Aunque no lo parezca, este libro trata de Philip Roth antes que de Herman Roth, su padre. No es por ningún narcisismo de autor, entiéndase, sino por lo contrario: por pura coherencia de escritor. Hay un hecho que es la enfermedad del padre, que tiene 86 años, y un final previsible y cercano. La pérdida del padre no sólo abarca la ausencia de futuro, la desaparición de "el que va delante" sino también la de "el que veló por mí", de modo que a partir de ahora el hijo es ya el cabeza de fila. Y a punto de cruzar este punto sin retorno, se ve obligado a contemplar el deterioro, la descomposición de esa persona que lo precedió a la vez que se obliga necesariamente a aceptar que eso le sucederá a él un día. Y esto último conmueve profundamente al escritor que contempla la paulatina, dolorosa y humillante desaparición de su padre. Todo eso lo ve Roth con aprensión y afecto; el afecto viene dado por acumulación vivencial que provoca el sentido de la pérdida; la aprensión, por sí mismo.

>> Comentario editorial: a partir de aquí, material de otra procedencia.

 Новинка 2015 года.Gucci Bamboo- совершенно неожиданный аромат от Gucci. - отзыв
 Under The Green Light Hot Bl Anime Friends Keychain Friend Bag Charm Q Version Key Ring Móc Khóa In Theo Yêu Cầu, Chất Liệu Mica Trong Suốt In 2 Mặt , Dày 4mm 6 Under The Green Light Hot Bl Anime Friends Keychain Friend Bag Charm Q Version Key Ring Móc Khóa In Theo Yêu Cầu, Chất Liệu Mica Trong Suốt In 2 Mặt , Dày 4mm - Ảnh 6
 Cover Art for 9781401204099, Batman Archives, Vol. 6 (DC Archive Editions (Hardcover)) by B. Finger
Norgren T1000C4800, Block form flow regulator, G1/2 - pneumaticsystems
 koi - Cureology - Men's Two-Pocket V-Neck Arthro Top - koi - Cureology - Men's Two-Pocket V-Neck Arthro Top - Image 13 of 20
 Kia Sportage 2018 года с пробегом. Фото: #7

El gran asunto de este libro es la Muerte y, unido a ella, el sentido de la relación padre-hijo. Todos los recuerdos que acuden a la mente de Philip están relacionados con la muerte o la pérdida; están relacionados directa o indirectamente y la muerte ejerce una función centrípeta sobre su memoria y sus emociones a lo largo de todo el relato. Un relato que se mueve como el modo de aferrarse a lo que queda de alguien que está condenado a desaparecer, donde el ritmo se ajusta a esa precariedad y la prosa se demora y toma el paso de la realidad mientras el tiempo mental, el del narrador, convoca los recuerdos tal y como la realidad lo conmueve. Pero si el libro trata de Philip Roth es porque la enfermedad, agonía y muerte de su padre pasan necesariamente por el filtro de su concepción del mundo, la que le pertenece por derecho propio, por conquista, y la que le pertenece por intermedio de su padre. La confluencia de estos dos cauces desemboca en el libro y la corriente que genera es, lógicamente, tan poderosa como la vida.

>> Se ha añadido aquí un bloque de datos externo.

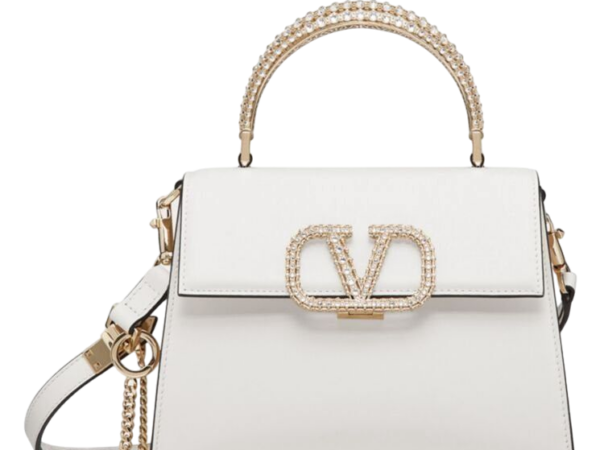 BORSA VALENTINO VSLING CREMA 22 cm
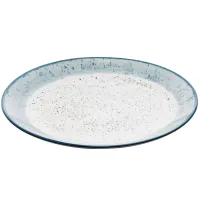 Тарілка Ardesto Siena, 27см, порцеляна, біло-блакитний (AR2927SWB) - 5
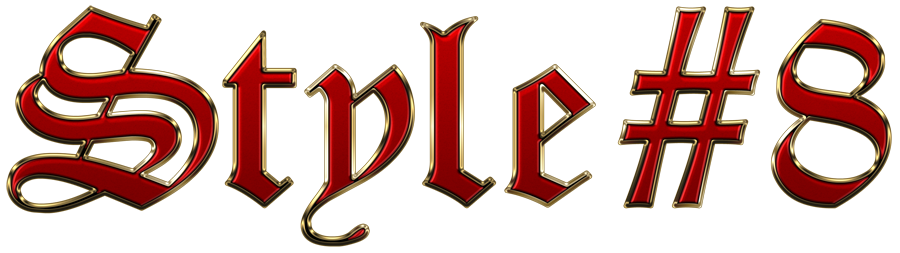 Christmas 3D Graphic Text v08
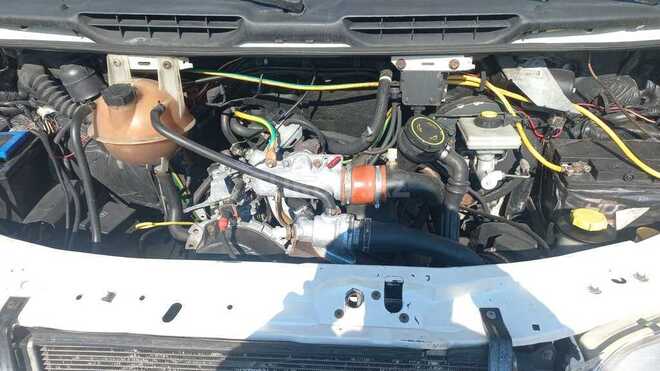 Ford Transit 1999, 236,000 km - 2.5 l - Qəbələ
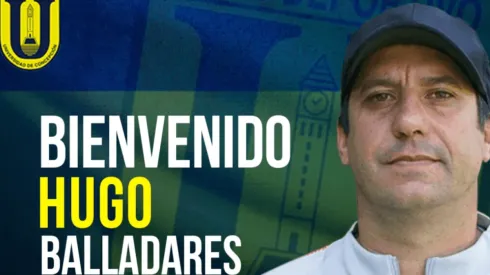 Hugo Balladares deja la Roja Sub 17 y asume en la U de Conce.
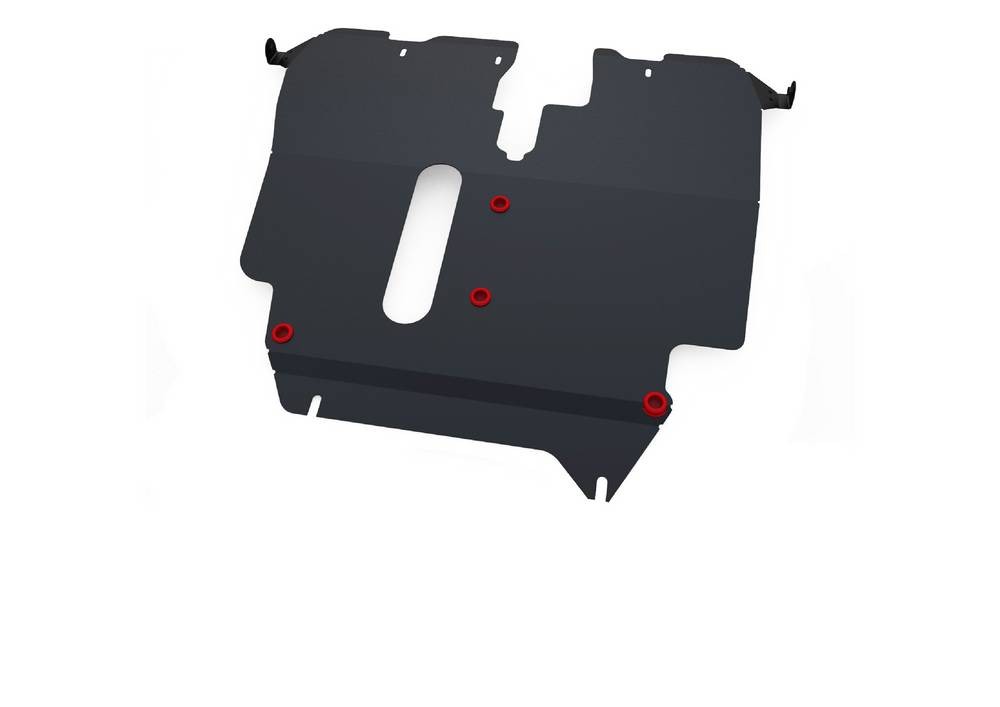 

Защита картера и КПП Автоброня для Toyota Spacio 1997-2001 г. 1,8 мм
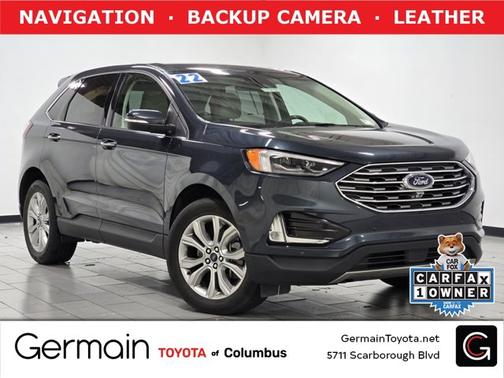 2022 Ford Edge Titanium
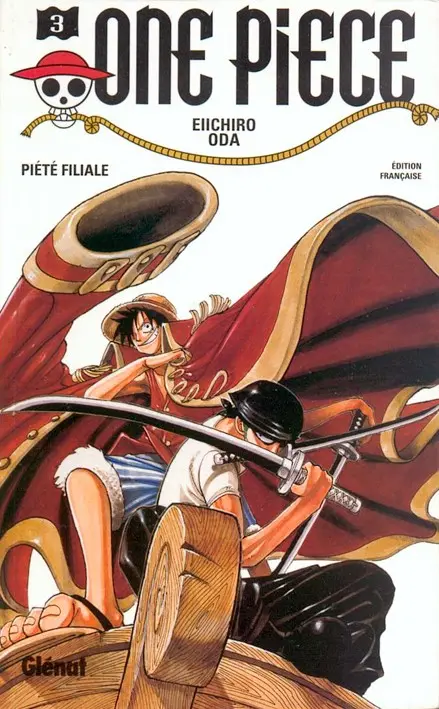One Piece Tome 3 Piété filiale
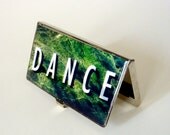 Card Case, NYC Dance Card Case, Photo Card Case, Graduation Gift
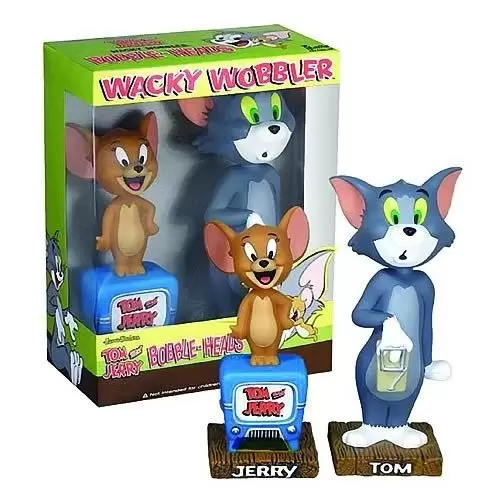 Wacky Wobbler Cartoons - Tom and Jerry 2 Pack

Y es que el libro es un home-

naje. Una vez que el yo de Philip Roth se encauza a partir del dolor y la pena, de un amago de muerte y de un mensaje de amor y de vida finalmente recibido y aceptado como lo que es y por cómo es el que lo da, emerge es la figura del padre. Bien surtido de manías, terco y responsable hasta el perfeccionismo, de ideas y honestidad fijas, se resume a sí mismo con una frase tan conmovedora como autoritaria: "Nunca dejaré de dar la lata y preocuparme. Así soy yo con las personas a quienes tengo cariño".

El libro, escrito con sobriedad y rigor ejemplares, que sólo se esponja cuando Roth habla de sí, atormentado por la dudas o superado por ciertos momentos concretos, abunda en escenas e imágenes dictadas por el paso del tiempo sobre la realidad -es decir, no elegidas ni ordenadas con la selectividad específica de la creación literaria-; cabe señalar, a título de ejemplo, el encuentro con el cerebro radiografiado de su padre, o el contraste entre los titubeos de Roth y la respuesta de su padre en el asunto de las disposiciones posoperatorias (un ejemplo absolutamente convincente acerca de cómo hay que ordenar y decir las cosas en una narración).

Herman Roth es un superviviente y como tal vive y muere; Philip Roth es un intelectual atormentado que trata de entender el mundo cuando la muerte pone a prueba su vida. En ambos hay una voluntad de ser expresada por vías y modos distintos y complementarios, lo que da coherencia final a la estremecedora belleza de esta crónica. Patrimonio es una deuda de amor y un acto de entendimiento. No se puede hacer más contra la Muerte.